Raga Lakshana – Vamsavati
Raga Lakshana – Vamsavati – Ravi Rajagopalan
The raga Vamsavati (the Asampurna 54th raganga of the latter Kanakambari* nomenclature), the equivalent to the sampurna mela raga Vishwambari has been given an expansive treatment by Muthusvami Dikshitar who has invested 2 krithis in this raga. His co-trinitarians Tyagaraja and Syama Shastri have not composed in either of the ragas. We have a composition of Tyagaraja in a janya Vijayavasantham. Given the textual evidence on hand, Vamsavati is probably a circa 1700-1750 entrant into our music system, if not earlier. This blog post is an analysis of the raga lakshana of this raga through a deep dive of Dikshitar’s composition, a magnum opus:
Kshetra : Composed on Lord Bakthavatsala at Thirukkannamangai a pilgrim town near Tiruvarur
This kriti of Muthusvami Dikshitar is not a typically short (the so called samashti charana krithi) one from the prati madhyama family considering the fact that the raga is also vivadhi in nature as the shatshruthi dhaivatha( D3) and kakali nishada(N3) occur in succession in this raga.

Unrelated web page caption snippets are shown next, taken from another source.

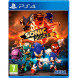 Sonic Forces [PS4, русские субтитры] в Хабаровске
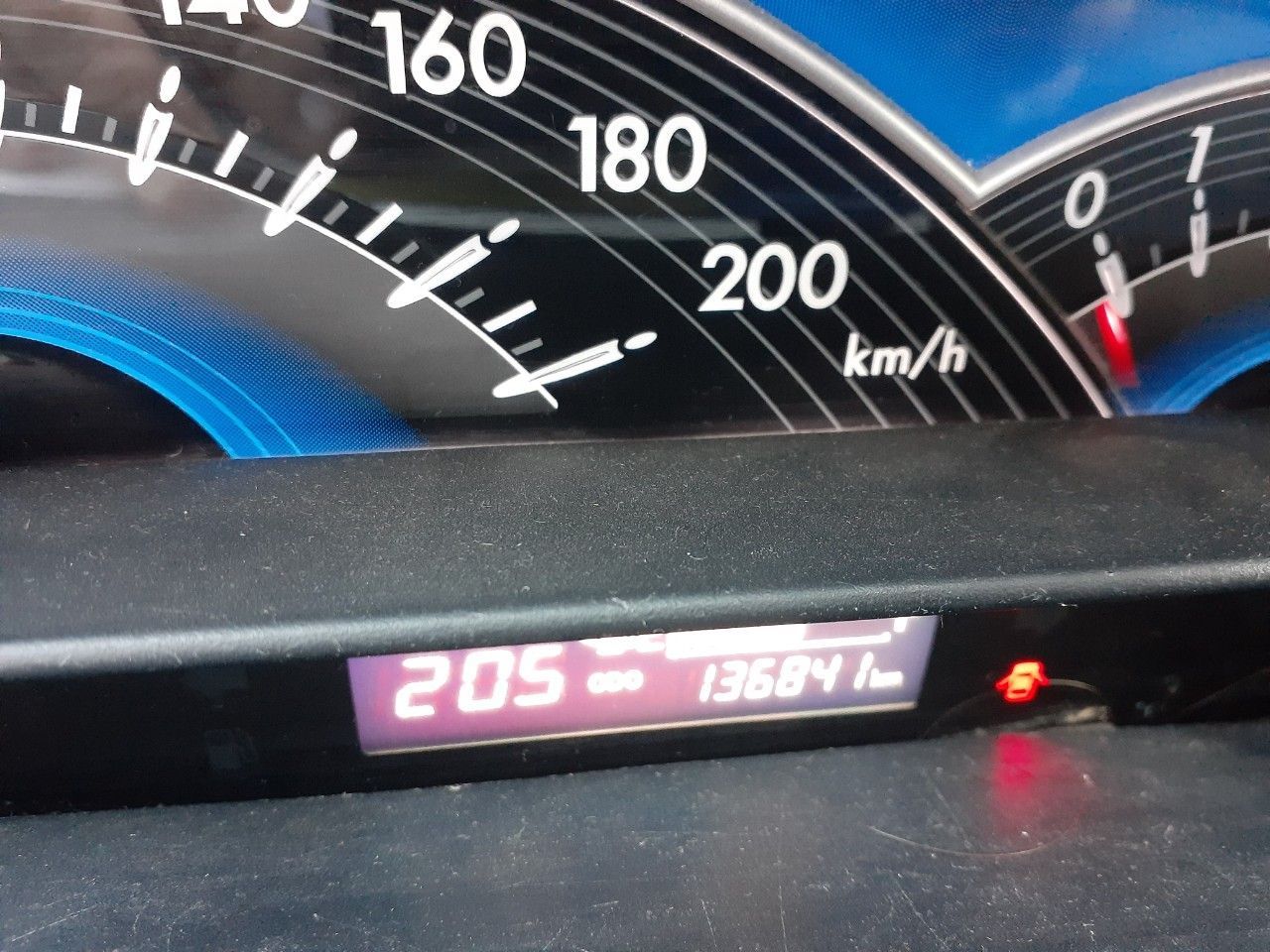 Toyota Etios Usado Financiado en Buenos Aires, deRuedas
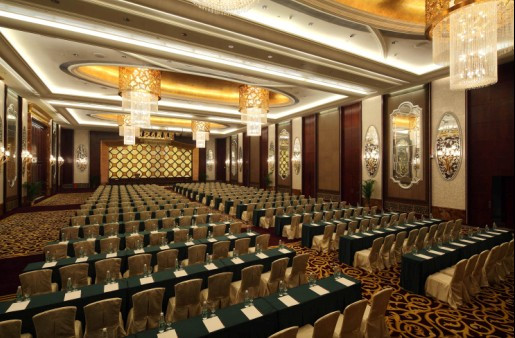 深圳维纳斯皇家酒店沙井麒麟店主图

The majority of the kritis in the vivadhi ragangas as found in the SSP are short kritis with just a pallavi & an anupallavi, called today as samashti charana kritis. In the midst of these short kritis , the raganga mela 54, Vamsavati has been invested by Dikshitar with 2 kritis and one of them ‘Bakthavatsalam’ a kriti dedicated to the Perumal at Thirukkannamangai,one of the holy 108 shrines (Divyadesas), revered by the vaishnavites on whom the Alwars have performed Mangalasaasanam. This temple town is located very close to Tiruvarur town (about 6 kms) where Dikshitar resided for a good part of his life.
The raga for this krithi is the 54th ragangam – Vamsavati (equivalent to Vishvambari in the Kanakangi-Ratnangi Sampoorna scheme*). In the so called earlier Kanakambari nomenclature*, it was referred to as ‘Vaishaka’. The murcchana arohanam / avarohanam as given by Subbarama Dikshitar in the Sangeeta Sampradaya Pradarshini (SSP) is:
S R1 G3 M2 P D3 N3 S
S N3 P M2 G3 R1 S
The lakshana shloka given by SD attributed to Venkatamakhi is given as: ‘Purna rago vamsavati avarohe dha varjitah’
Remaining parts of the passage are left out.